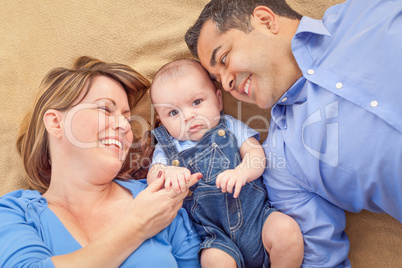 Young Mixed Race Couple Laying With Their Infant On A Blanket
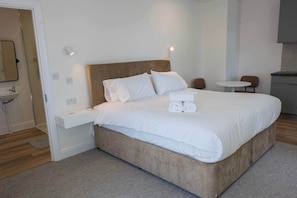 Une chambre d’hôtel moderne avec un grand lit, une table de chevet, une petite table ronde et une salle de bain visible à travers une porte ouverte.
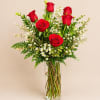 Red roses and white filler flowers in a clear glass vase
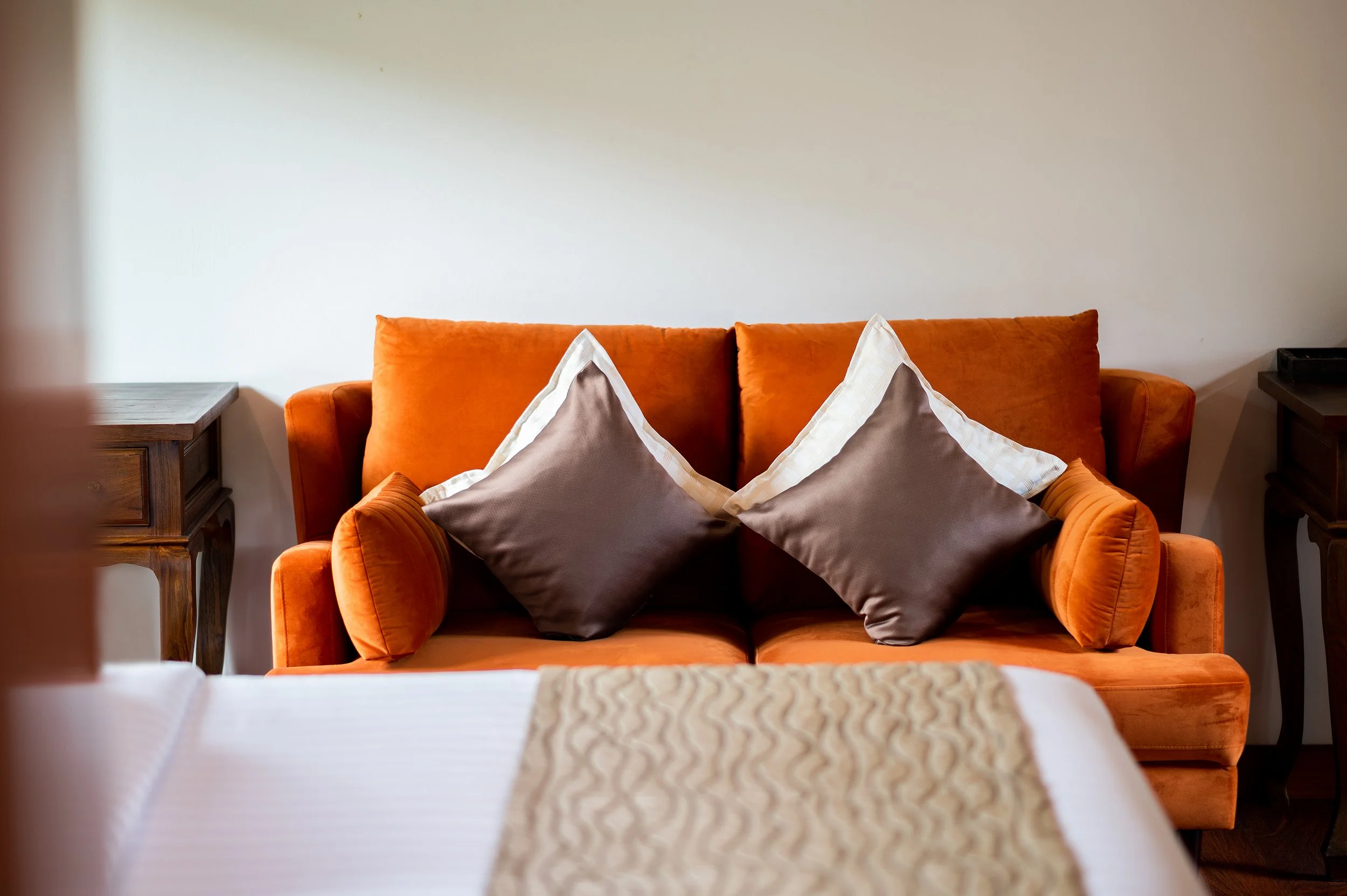 An orange sofa with three pillows, two brown and one cream, in a bedroom with a bed in front and wooden side tables.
-.-.-
Task requirements: The answer should be an exact copy of the material, with its pictures removed.

Answer below:
 Young Mixed Race Couple Laying With Their Infant On A Blanket
 Une chambre d’hôtel moderne avec un grand lit, une table de chevet, une petite table ronde et une salle de bain visible à travers une porte ouverte.
 Red roses and white filler flowers in a clear glass vase
 An orange sofa with three pillows, two brown and one cream, in a bedroom with a bed in front and wooden side tables.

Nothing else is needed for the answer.